Hail The Three Little Pigs


(Stone wall, Mont St. Michel, France, 2008)

A stone or brick house is the ultimate refuge from the Big Bad Wolf: strong, impregnable and protective. I have long felt a powerful love for dwellings fashioned from these elements and for the images and feelings they inspire: a safe haven against the fierce outside world, a tangible evocation of romance and a palpable connection to a long-distant past.

In choosing stones and bricks as our materials, we are able to build houses like my son builds his Legos -- in ceaseless shapes and variations and colors. Whether stacked painstakingly on top of one another according to a precise plan...
(A Voysey house, South Kensington, London, 2008)

...or added onto haphazardly over generations and then abandoned...
(Stone and brick cottage, Scotland, 2007)

the results are the same: a unique monument to individuality which lies in sharp contrast to the increasingly anonymous poured-concrete-and-steel world we live in today.
(Macchu Picchu dwelling, 2007)

The house below I am convinced is enchanted.
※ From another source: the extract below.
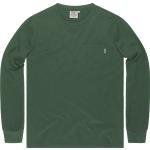Reduzierte Grüne Vintage Langärmelige Vintage Industries Shirts mit Tasche für Herren Größe M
After years of walking through Hyde Park (I could swear along the same pathways), suddenly one day it appeared in front of me, nestled in a thicket of trees, looking as if it had just escaped from 1850's Barsetshire.
(Cottage, Hyde Park, London, 2008)

Built centuries ago, some buildings seem to vibrate with the pulse of countless ghostly inhabitants, but I don't find them spooky in the least.
(Bruges, Belgium, 2008)

On the contrary, I like to think that each generation of inhabitants (no matter how small) adds a new layer of character to their dwelling...
( A children's manor house, Normandy, France, 2008)
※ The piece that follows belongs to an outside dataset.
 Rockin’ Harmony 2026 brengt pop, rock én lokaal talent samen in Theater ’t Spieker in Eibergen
...and that with the lapping caresses of time, we are lucky enough to behold them today, swathed in a well-worn patina of charm.
(Scottish cottage, Loch Lomond, 2008)

Just as the best cooking pans are the ones which have been seasoned through the enjoyment of endless meals, so are the best houses the ones which have been enriched to perfection through generations of lives well lived.
(Farmhouse, Normandy, 2008)

As one of my great heroes, Winston Churchill, so eloquently remarked, "We shape our buildings. Thereafter, they shape us."

17 comments:

Jessica Thor-Miller said...

What a delightful post. I've always wanted to live in a home with ancient (or at least ancient for the new-ish US) stone wall. There are plenty to be found around Northern Virginia.
And oh what I would've done for that Children's Manor in France. As a child I begged and prayed for a playhouse in our backyard but all I got was a cardboard house in the basement.

Rocio said...

So very true. I believe they do have a soul. And they are always welcoming, like an old aunt who invites you for an afternoon coffee and home baked biscuits.
Lovely post.

Laura said...

I think Winston Churchill is the singularly most quotable figure in history. What a brilliant sentiment.
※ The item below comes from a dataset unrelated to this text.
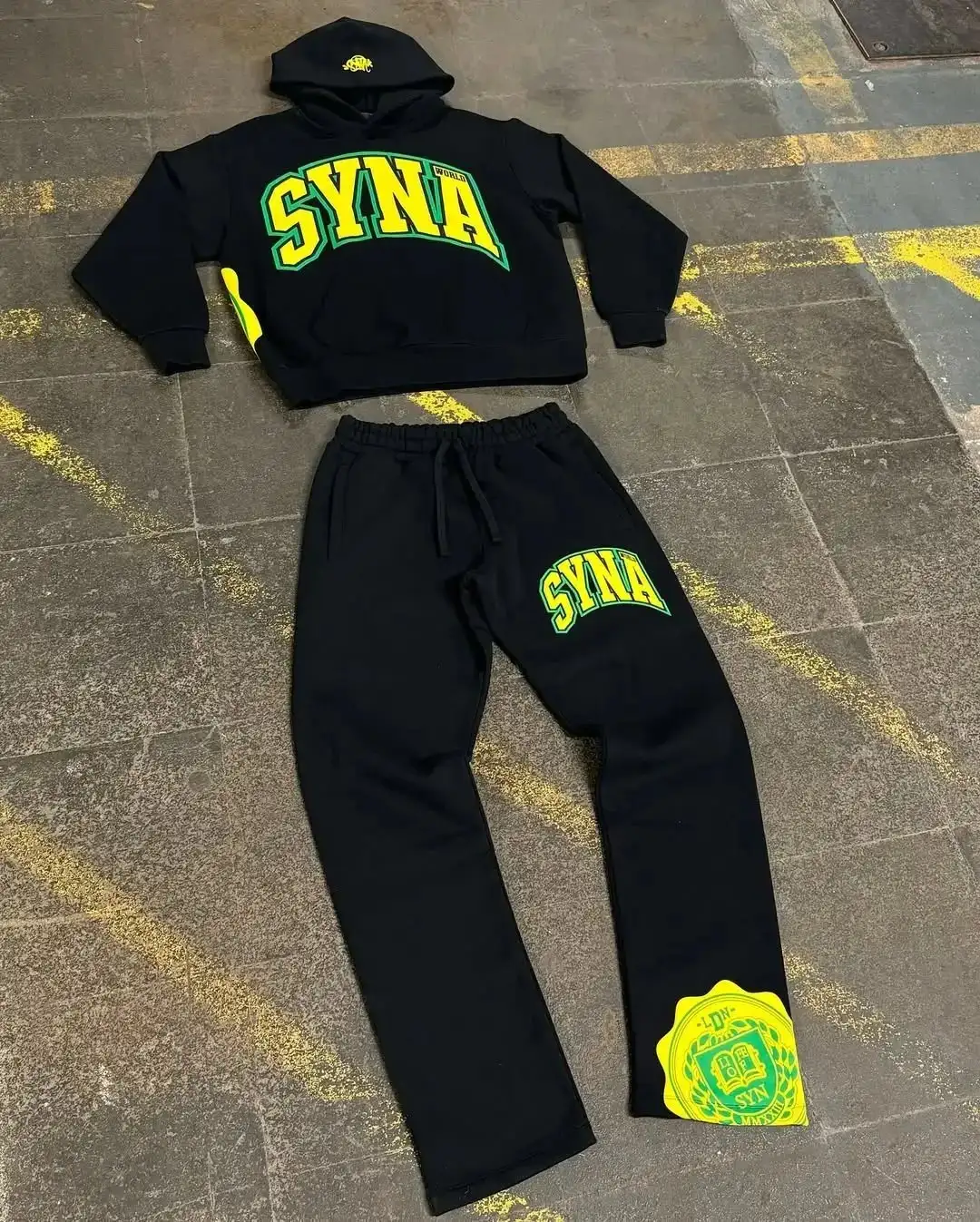 Synaworld SYN A Hoodie/Pants Set [30 styles] vista 4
Valerie Wills Interiors said...

Great post. Made me homesick for England and the beautifully handmade stone walls that farmers used to build. Do you remember them? We're currently landscaping our back garden in San Francisco and are using stone from France! Love it.

Simply Mel {Reverie} said...

If only today's architects could shape their work to Churchill's brilliant words, it might just provide our world with more stone and earth friendly/complimentary buildings than what we currently have to look upon and live within.

Unknown said...

So true, beautiful examples!

Jane said...

Well I love stone, and we have a few (newbuilt but trying to look old) stone walls, for sitting and thinking in our garden. Here the roads in the west of Victoria are lined with drystone bluestone walls built by convicts. Still there 160 years later (and heritage protected) BUT somehow a bit blood stained to me. Love the manor house in Normandy. Oh and Winston as well. How I would have loved to have spent the weekend with him. You would need a weekend I think, not just a dinner.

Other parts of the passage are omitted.